"Fear Not!"

Throwing myself down a zipline in the Caribbean was scary. But not as scary as deciding to adopt as a single mother.

Being a single mother can be scary, but this mother overcame her fears

Last summer, Eleni and I traveled to the Caribbean island of St. Lucia. We had been invited on a trip to sample the pristine beauty of the island and embark on some outdoor adventures. On the first day, our group piled into an open-air Jeep, which proceeded to wind up mountainous roads, then careen past banana, mango, and cacao trees. The next day, we ziplined through the rainforest, wearing only a harness and helmet for protection. We soared along cables suspended high above treetops and gullies. Another day, we sailed out into the Caribbean, diving into deep, crystal-clear waters.

Each morning, I woke up to a brilliant sun — and did my best to steel my nerves for the day’s adventures. While Eleni and the other kids stood fearlessly in the front of the Jeep and waved to passersby, flew through the rainforest like Tarzan, or swam like dolphins in the water, I gingerly approached each activity and had to talk myself through my fears. When our Jeep turned sharply through the mountains, I took deep breaths and told myself to hang on. As I glided past palm trees in the rainforest, I tried to commend myself for being brave. (It helped when Eleni said, “Wow, Mom! You did it!”) And when I climbed back up on our sailboat, after communing with blue-striped fish and coral reefs (and seriously thinking I would drown), I breathed a sigh of relief, knowing I was safe and sound.

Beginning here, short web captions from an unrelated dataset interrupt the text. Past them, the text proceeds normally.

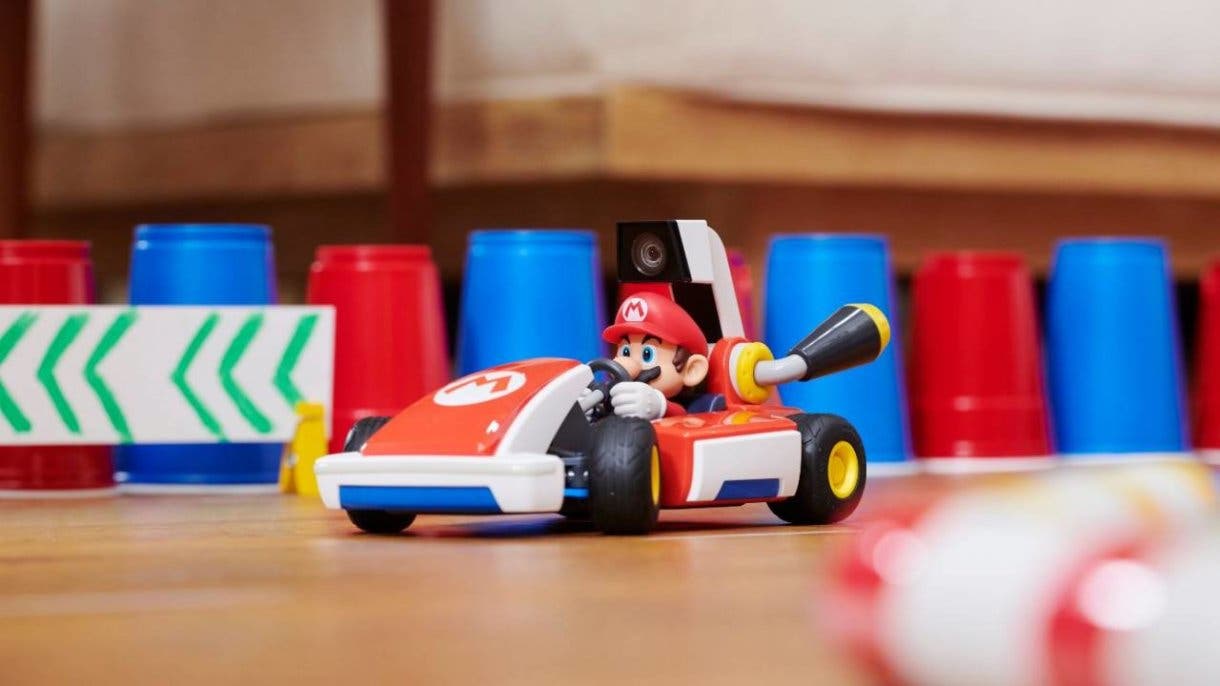 Mario Kart Live Home Circuit 1 1
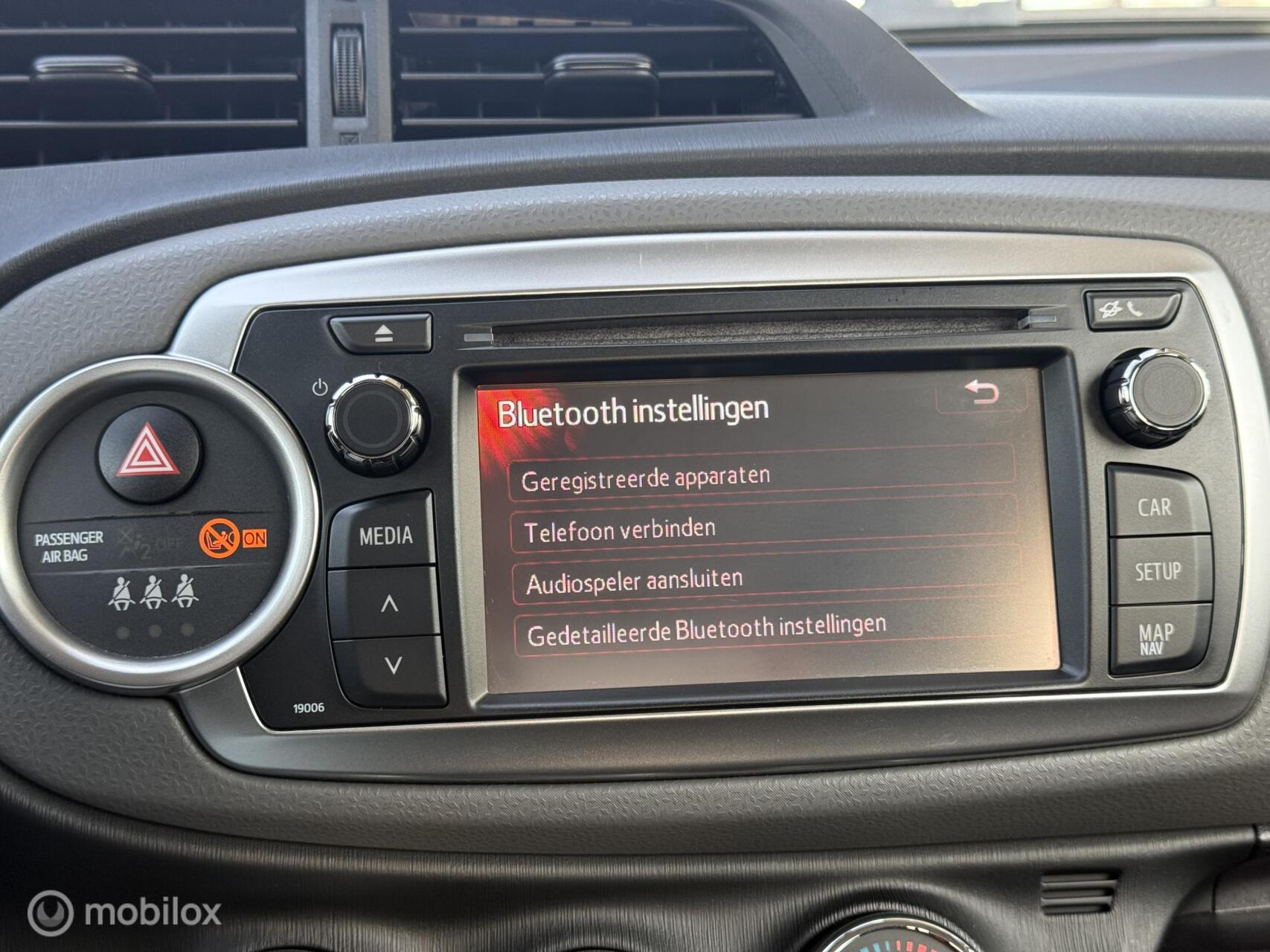 Foto van Toyota Toyota Yaris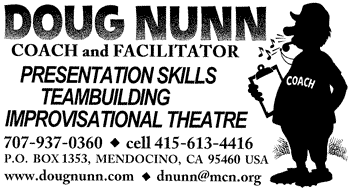 Doug Nunn - Coach / Facilitator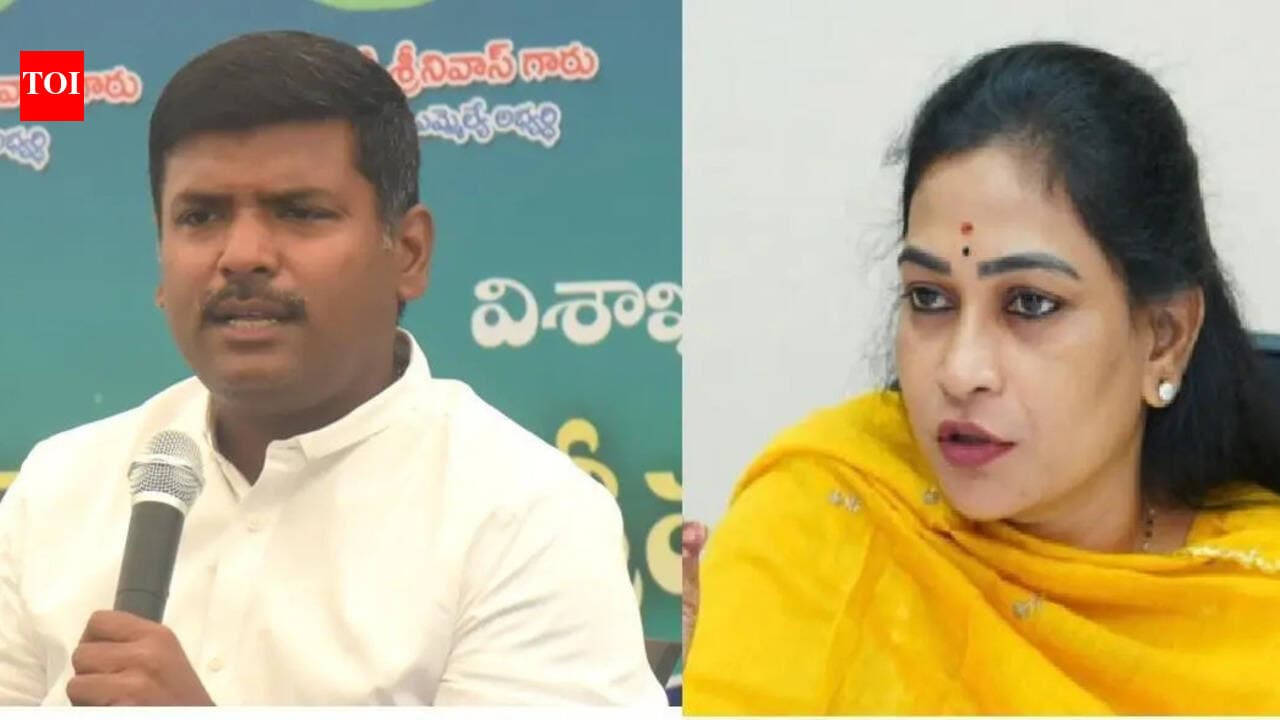 ‘Makeup minister’ remark sparks fresh political storm in AP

I sometimes felt queasy, before or after our adventures. But because I was with a group, I pushed past my fears, so as not to embarrass myself or Eleni.

I also thought back to the time, years ago, when I sought to adopt a baby on my own. At each stage of the process — from choosing an agency to boarding a plane to China — I was petrified. In fact, minutes before we received our babies, in a registrar’s office in Changsha, I half-jokingly asked our facilitator, “Has anyone ever changed her mind at the last minute?”

But during those 18 months, as I rode an emotional roller-coaster, I never seriously thought once about abandoning my plan for adoption. In the evenings, before falling asleep, I would see the face of a little girl, halfway around the world, who needed me. When I was frozen with fear — about finances, the future, or my abilities to parent single-handedly — I would say to myself, “You can be scared and turn back, or you can move forward and become a mother.” The road to China won out every time.

One morning, when Eleni was two, we were playing in the park, when a group of parents I knew began asking about Eleni’s adoption. They remarked how brave I was to have become a single mother. By that time, Eleni and I had been home for awhile, and my initial fears had long ago slipped away. (I was also too exhausted and busy to feel “brave.”) So I laughed and said, “Being a single mother isn’t that hard. You just get up in the morning, and do it.”

I had a similar feeling in St. Lucia, as I stood on a platform, 50 feet high, looking out at a stretch of treetops before me. I knew there was no turning back, so I let go, had faith, and enjoyed the ride.